Q. does someone need a processing engine to coordinate code execution (flow chart) or does some need a processing engine to coordinate a enterprise business process(state machine).
A. Both :-)
This is from my perspective and my interest in your project. Within the manufacturing context at the production line/workstation level there needs to be "flowchart" execution, but at the plant/facility level there needs to be business process state machines. And ideally they need to be on the same workflow software platform. The frustrating part is that when looking strictly at the functional requirements of a workstation process execution engine and how a workflow kernel works they are almost identical. The goal is to find a workflow platform that can work for workstation process execution and business process execution. The first question is can the kernel run on a Raspberry Pi micro-processor. If the answer is yes or maybe then there is a start.
The thought process:
This is an attempt to use the same kernel, same platform, but change the modeling method based on the user role and level of technical understanding. The only real changes to the imixs-workflow platform is taking the core and separating it from the enterprise capabilities so it run independently within a workflow engine specifically designed to run within a jvm on a micro-processor such as a Raspberry Pi. The purpose-specific workflow engine may have a different local persistence method such as a file to hold state and historical execution data. But it will eventually make it to the enterprise imixs-workflow platform to take advantage of the capabilities of the platform.
Scope of work I would sign up for delivering:
Hi Greg, yes, now I better can follow your vision. And I think what we have so far is not to bad for the moment. The Imixs-Micro is already ready to run on a raspberry PI . I have no raspberry but if you can implement a Java Hello-World on your environment, I can help you with integrating the Imixs-Micro project.
And next we should have some models - one for the workstation process and one for the enterprise business process. We can discuss the question about cycles and squares in the diagram later on a concrete example. You find two test models here to get started. Maybe you can model one to illustrate a more realistic production process so that I can show you how to translate this into a model that executes code with the existing Imixs-Workflow Kernel.
Very good. I will get started on everything you have listed and get caught up project charter by the end of the weekend. It has been busy around my house the past few days and our boys are back to university! Nice having a quiet house.
Workflow example (start) -->[new ticket] --> (submit) --> [open] --> (end)
start, submit, end being events I am having trouble with sorting out events.
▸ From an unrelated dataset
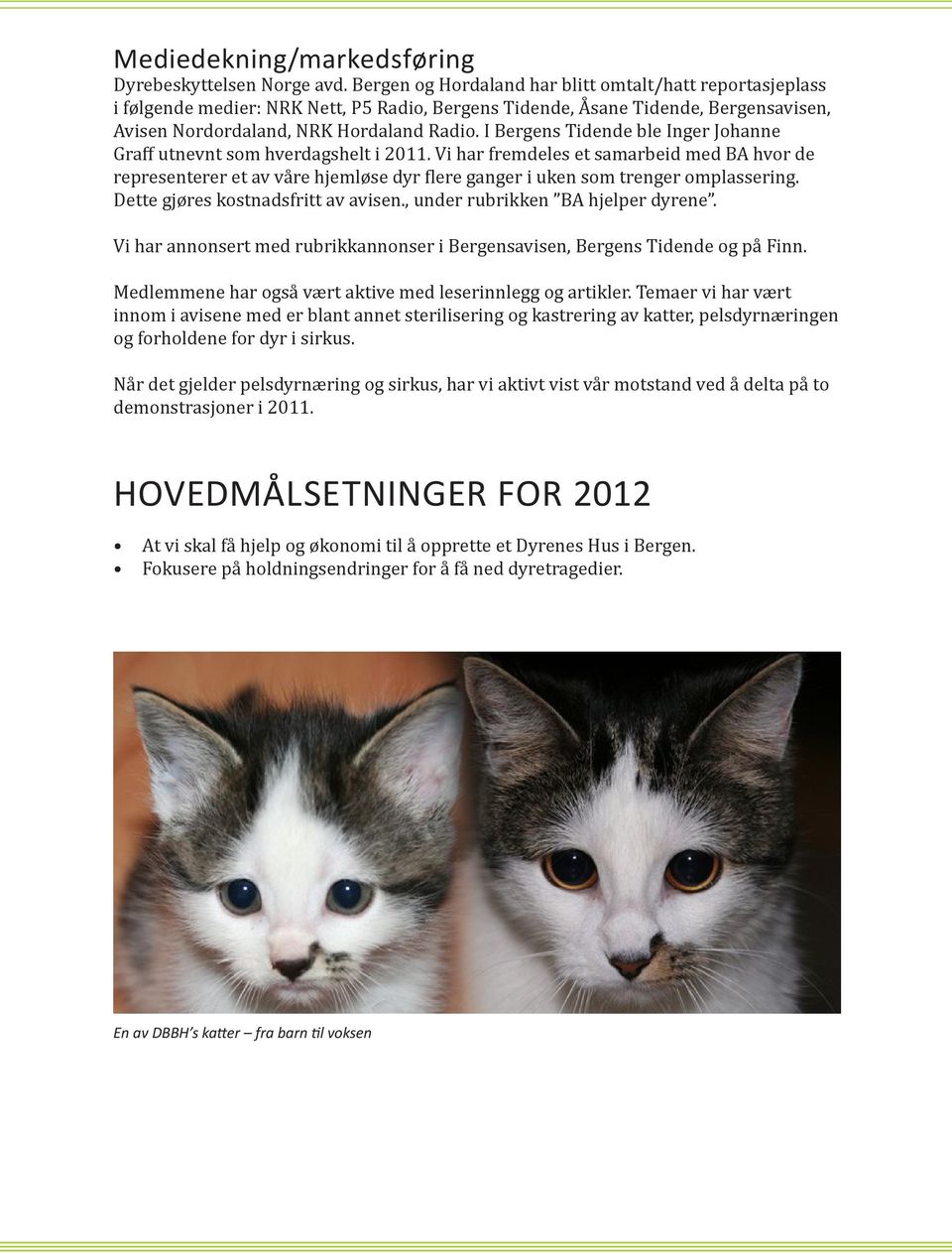 I Bergens Tidende ble Inger Johanne Graff utnevnt som hverdagshelt i 2011.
Why is it required to have an event before a task?
This why I have trouble with this, in the past I have seen cases where tasks can flow one to another as they are completed. For example: (start) -->[Get Invoice] --> [Add Items] --> [Approve] --> (end)
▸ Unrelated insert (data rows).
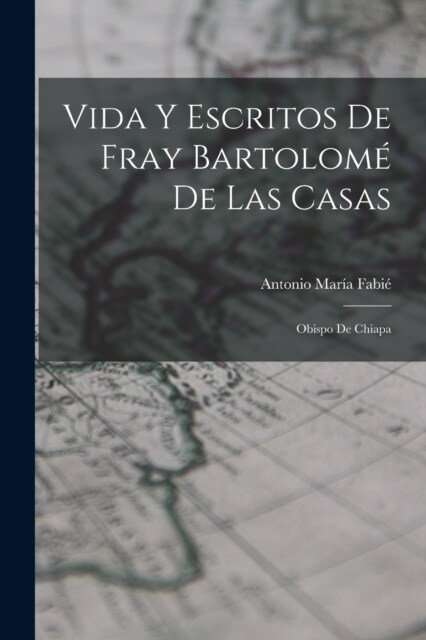 Vida Y Escritos De Fray Bartolom?De Las Casas: Obispo De Chiapa (Paperback)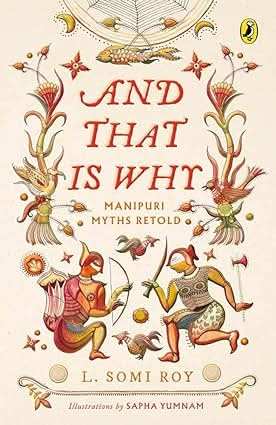 And That Is Why... Manipuri Myths And Folk Tales Retold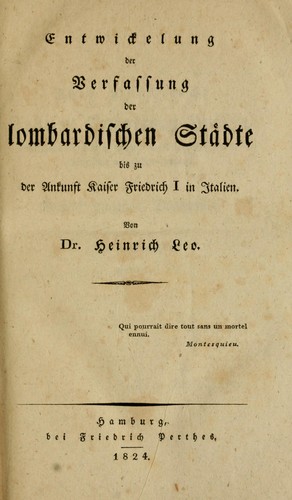 Cover for Entwickelung der Verfassung der lombardischen Städte bis zu der Ankunft Kaiser Friedrich I in Italien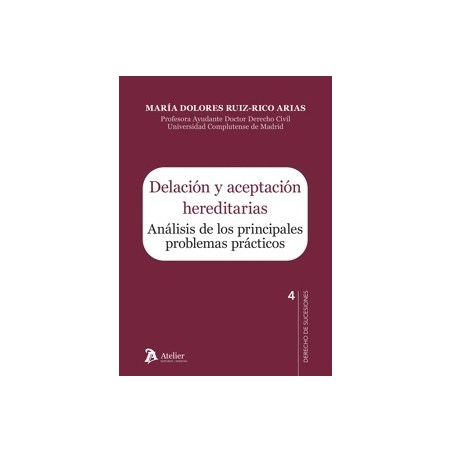 Delación y aceptación hereditarias. Análisis de los principales problemas prácticos.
"Get Invoice", "Add Items" are service tasks. Approve is a user task. Once Get Invoice retrieves the invoice data the task is complete and the workflow transitions to the Add Items task. The Invoice data is held in context and is used for input for the Add Items service task and it is executed and the workflow transitions to the Approve task. Finally the Approve task shows up in a task list and a human will look at the updated invoice and approve/disapprove it and the workflow ends.